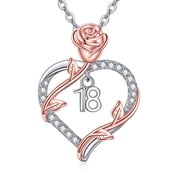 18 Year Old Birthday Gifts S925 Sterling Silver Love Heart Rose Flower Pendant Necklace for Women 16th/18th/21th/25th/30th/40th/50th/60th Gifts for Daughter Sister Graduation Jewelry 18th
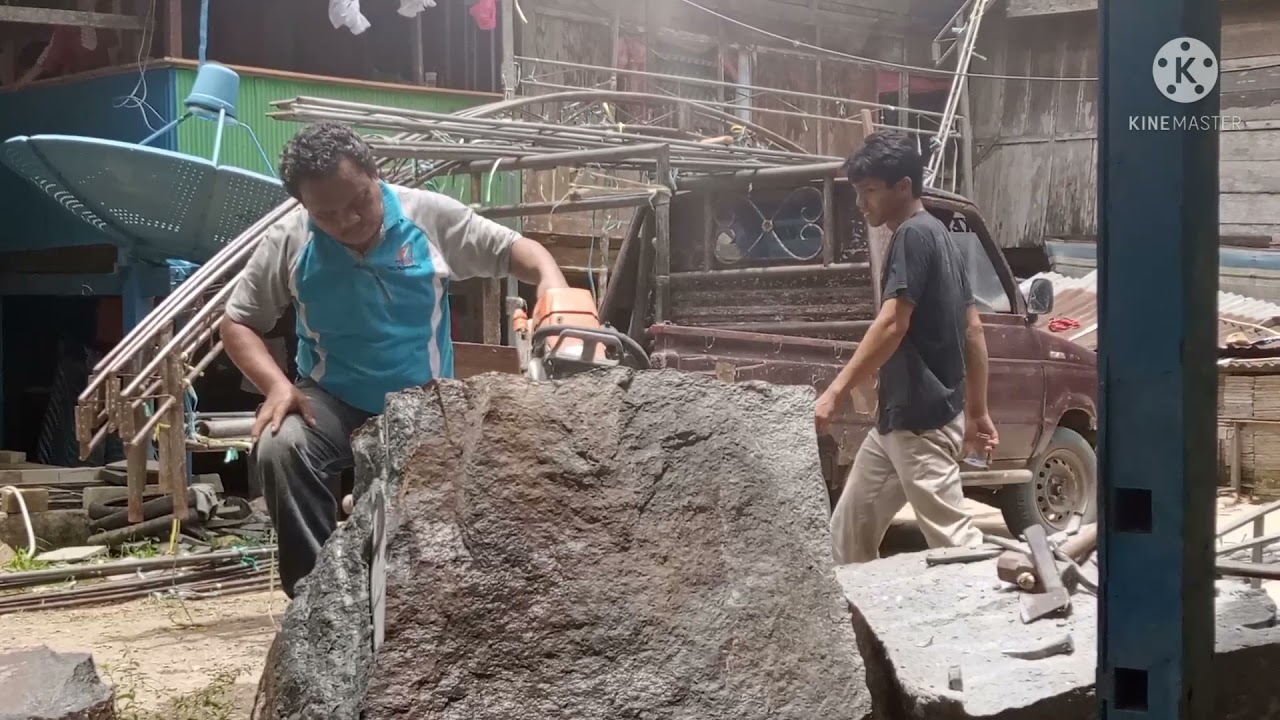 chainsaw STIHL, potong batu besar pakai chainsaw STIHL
---
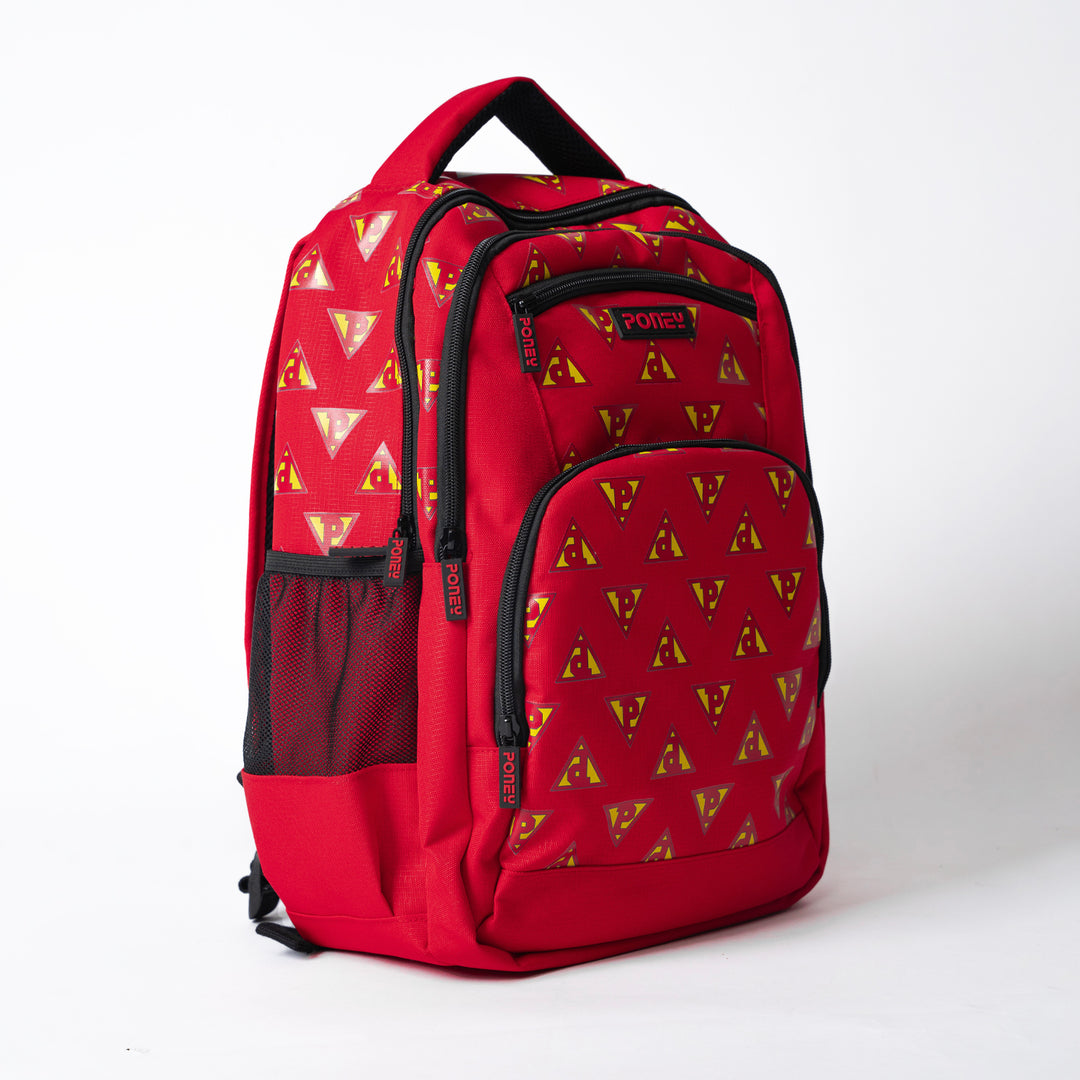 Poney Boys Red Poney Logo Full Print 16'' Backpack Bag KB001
--
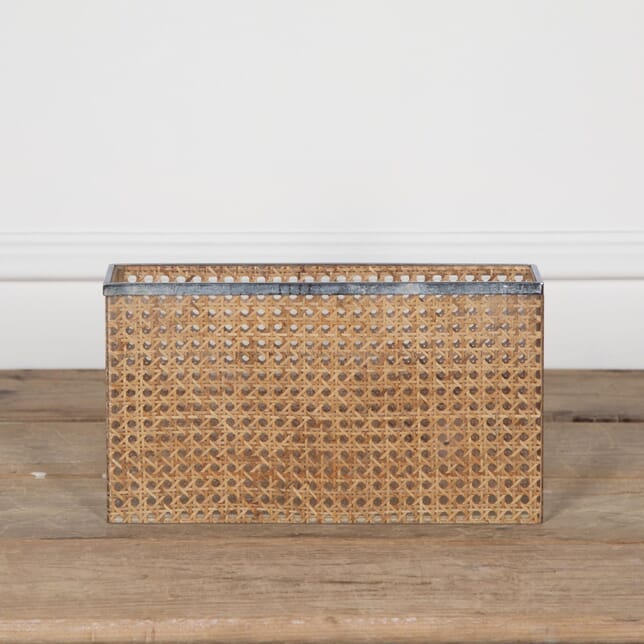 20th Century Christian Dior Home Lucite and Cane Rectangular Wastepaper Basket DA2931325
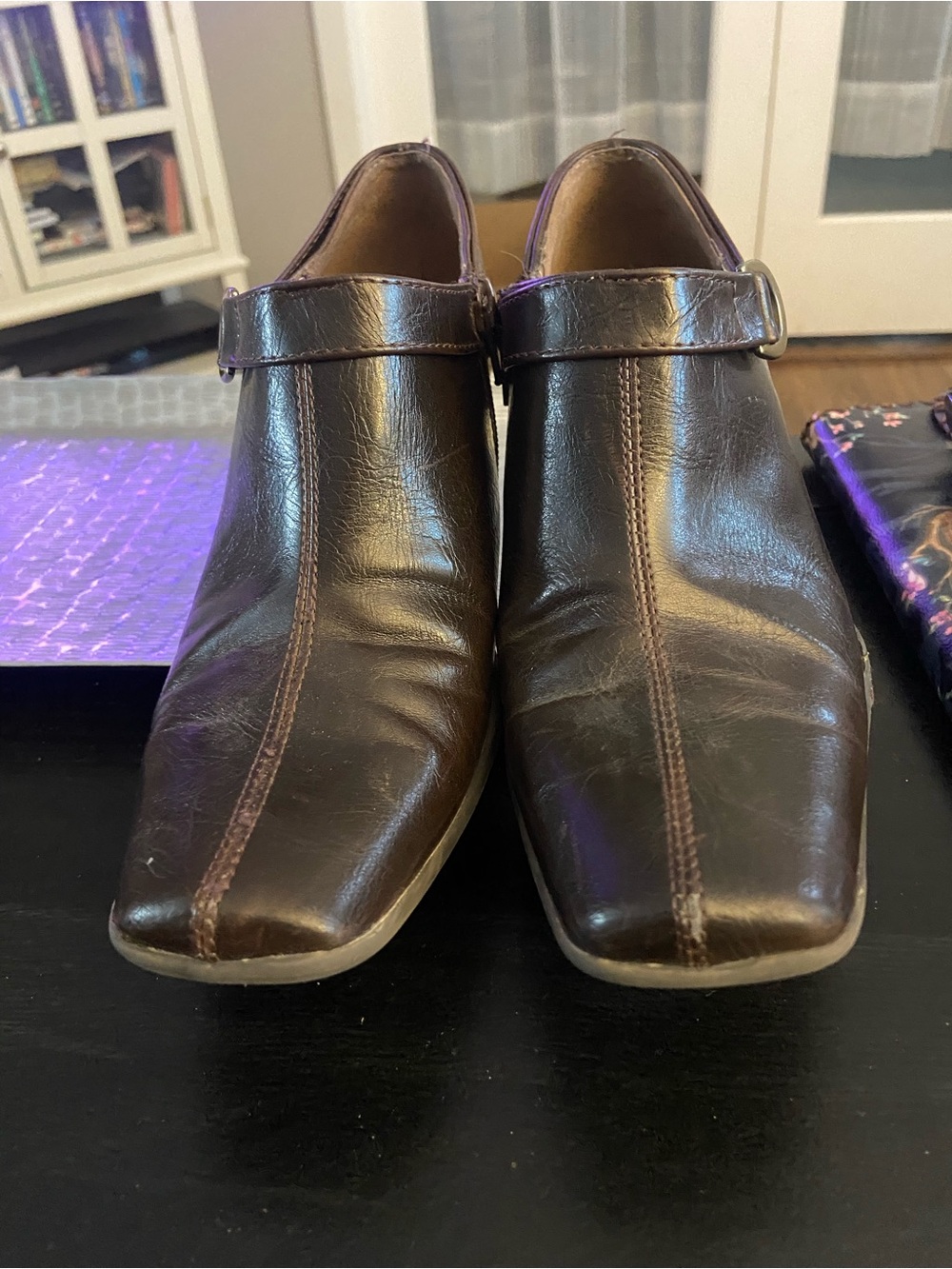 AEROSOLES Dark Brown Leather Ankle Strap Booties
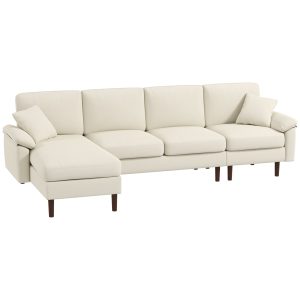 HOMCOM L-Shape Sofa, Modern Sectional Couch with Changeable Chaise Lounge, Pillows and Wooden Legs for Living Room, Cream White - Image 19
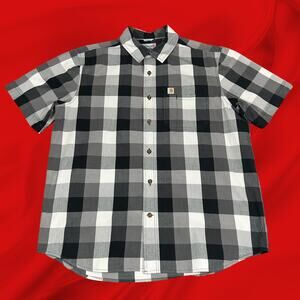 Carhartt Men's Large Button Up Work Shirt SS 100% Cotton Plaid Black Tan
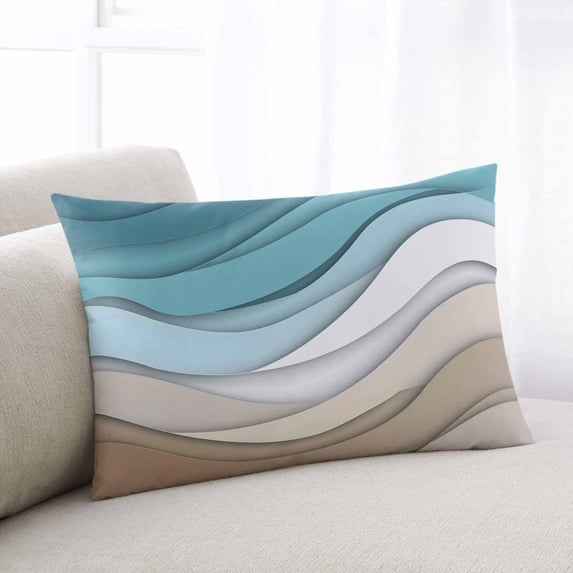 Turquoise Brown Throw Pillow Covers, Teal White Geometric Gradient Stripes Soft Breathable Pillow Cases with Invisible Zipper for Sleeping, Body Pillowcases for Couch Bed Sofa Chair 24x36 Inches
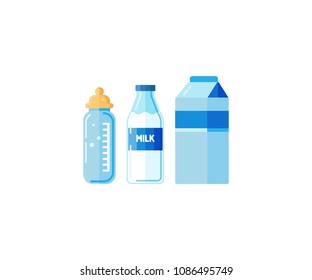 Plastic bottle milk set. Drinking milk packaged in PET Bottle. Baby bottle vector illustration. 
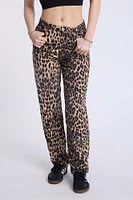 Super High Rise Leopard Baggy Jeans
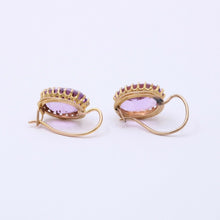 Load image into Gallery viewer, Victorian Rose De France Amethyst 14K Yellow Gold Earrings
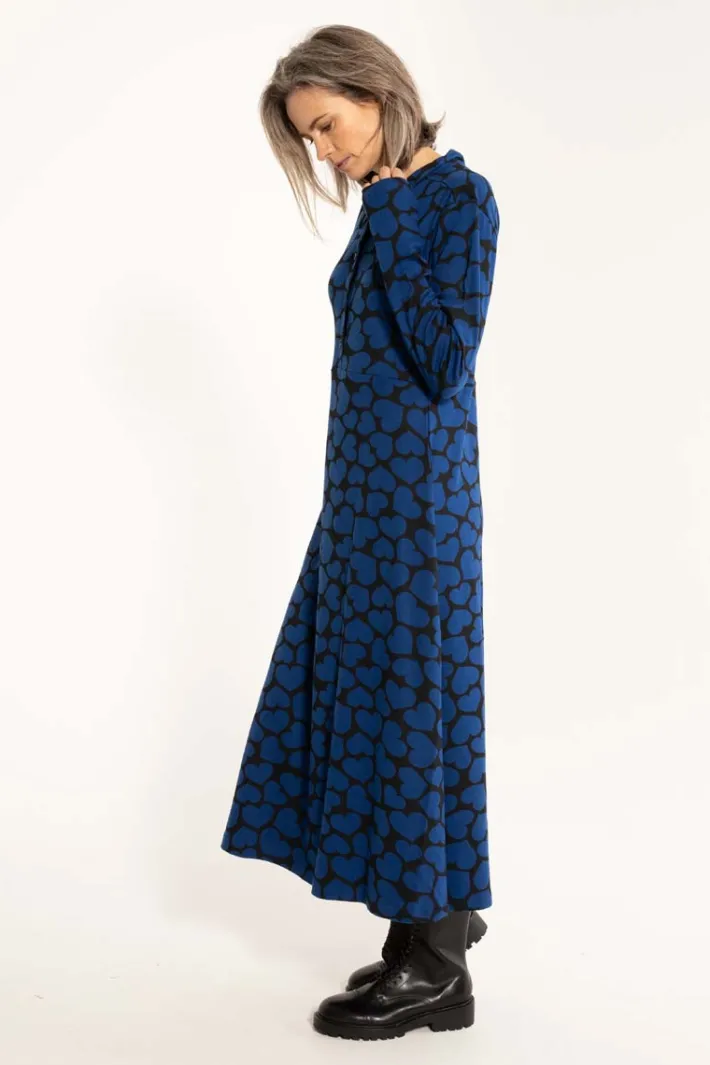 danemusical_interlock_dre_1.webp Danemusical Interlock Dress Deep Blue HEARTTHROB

▶ _Task_
Nothing but the lines from the one containing "AEROSOLES Dark Brown" through the one containing "danemusical_interlock_dre_1.webp Danemusical Interlock" should appear, copied exactly from the material above and without pictures.

▶ _Written solution_
 AEROSOLES Dark Brown Leather Ankle Strap Booties
 HOMCOM L-Shape Sofa, Modern Sectional Couch with Changeable Chaise Lounge, Pillows and Wooden Legs for Living Room, Cream White - Image 19
 Carhartt Men's Large Button Up Work Shirt SS 100% Cotton Plaid Black Tan
 Turquoise Brown Throw Pillow Covers, Teal White Geometric Gradient Stripes Soft Breathable Pillow Cases with Invisible Zipper for Sleeping, Body Pillowcases for Couch Bed Sofa Chair 24x36 Inches
 Plastic bottle milk set. Drinking milk packaged in PET Bottle. Baby bottle vector illustration. 
 Super High Rise Leopard Baggy Jeans
 Load image into Gallery viewer, Victorian Rose De France Amethyst 14K Yellow Gold Earrings
 danemusical_interlock_dre_1.webp Danemusical Interlock Dress Deep Blue HEARTTHROB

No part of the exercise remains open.